Auch über viele Fehlerchen, wie sie in den letzten beiden Patches behoben wurden, kann ich hinwegsehen - auch über die, die leider Gottes immer noch drin sind und die mit dem nächsten, hoffentlich letzten Patch ausgeräumt werden sollen. Denn letztlich geht es mir bei Managern nicht nur um eine möglichst authentische Darstellung des Fußballsports. Denn abgesehen davon, dass ich nur eine Vermutung habe, wie es in den Führungsriegen der Bundesliga oder auch der Regionalligavereine aussieht, ist Anstoss 2007 in erster Linie ein Spiel und kein Bundesliga-Simulator. Und das soll Spaß machen. Punkt. Wenn ich dazu noch das Gefühl habe (wie es hier der Fall ist), dass ich nachvollziehen kann, was passiert, kümmert es mich eigentlich wenig, ob ich jetzt (fiktives Beispiel) nach zehn Saisons einen falschen Statistikwert bei Spieler XY angezeigt bekomme...

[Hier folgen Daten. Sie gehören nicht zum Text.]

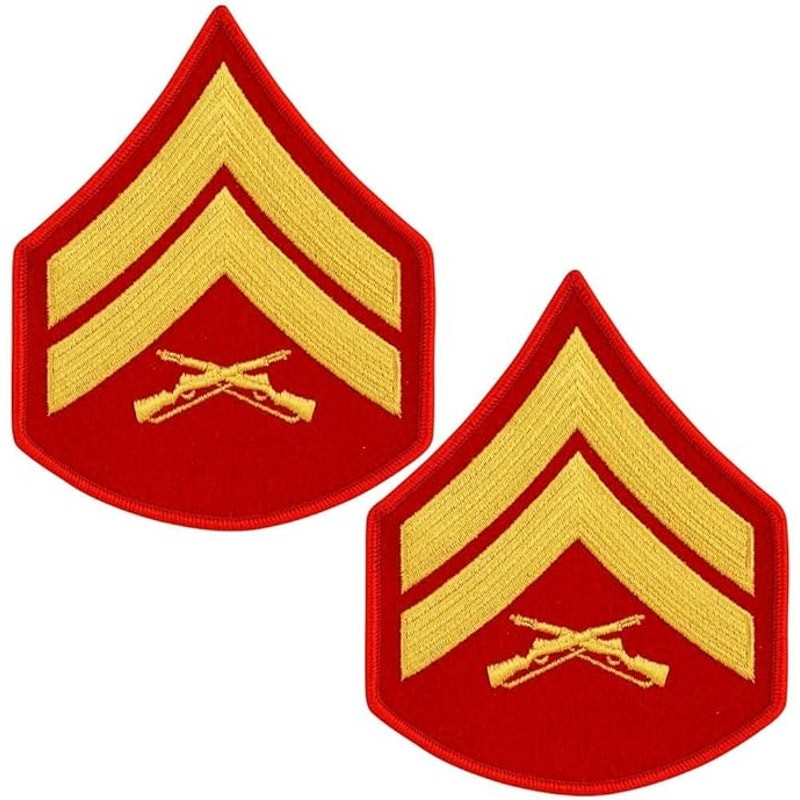 USMC Corporal E‑4 Chevrons Gold on Red Male Size 3‑3/4″ × 4‑1/4″ Patches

Wo ich allerdings Rot sehe, ist die völlige Spielstands-Inkompatibilität nach einem Patch. Ich spiele, kämpfe mich mit meiner Mannschaft nach oben, schaffe es nach einigen Saisons vielleicht sogar in die Eliteklasse, baue meine Reputation als Trainer sowie vielleicht sogar das Renommee des Vereins auf und kaum ist der neue Patch da, ist alles für die Katz.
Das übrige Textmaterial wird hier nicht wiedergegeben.